I can't remember where I first heard this "rule." It may not have even been in an English class and it's just one of those things that you always hear as a writer, but I've always hated it:

Write what you know. 

As a fiction writer, I've always found this advice incredibly stupid. If all I did was write what I know, it would be some pretty boring writing. While I've certainly written poetry from a personal perspective, most of my fictional characters have been nothing like me. Writers are always reaching outside of themselves to craft their stories, sometimes creating entire worlds that don't exist. If we only stuck to what we know, we wouldn't get very far. 

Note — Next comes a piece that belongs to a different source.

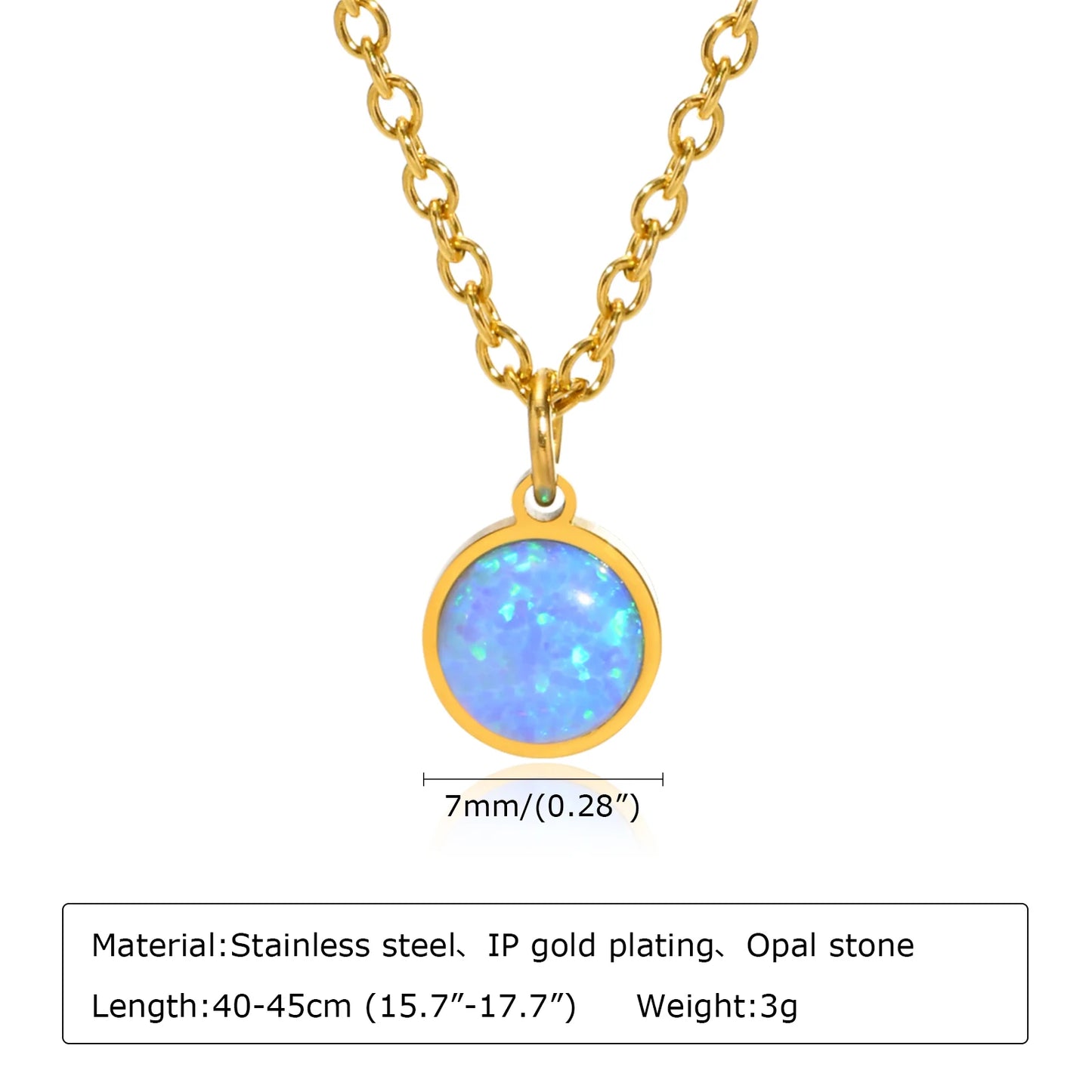 Éclat d’Opale Necklace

That being said, I think under the surface level, there is actually some good advice in this phrase. But to really understand it, I would want to rephrase it:

Know what you're writing.

This could cover so many different aspects that are important to writing a story. You want to know where your story is going (unless you're a pantser like me...), what you want it to be about, what kind of message you want to tell. You want to make sure you do your research for anything that you don't know when you start, whether that's a setting, the demographics for your characters, or really any topic that comes up in the story that you aren't already an expert on. 

It's important to at least have some idea about what you're writing when you start, even if you don't always know where it's going. But I think it's important to be aware of every aspect and be open to changing things when you know you got it wrong or it isn't working. 

So if you only wrote what you know, you're limiting yourself in what you can achieve. But if you don't know what you're writing, you may be stumbling blindly through that limitless space.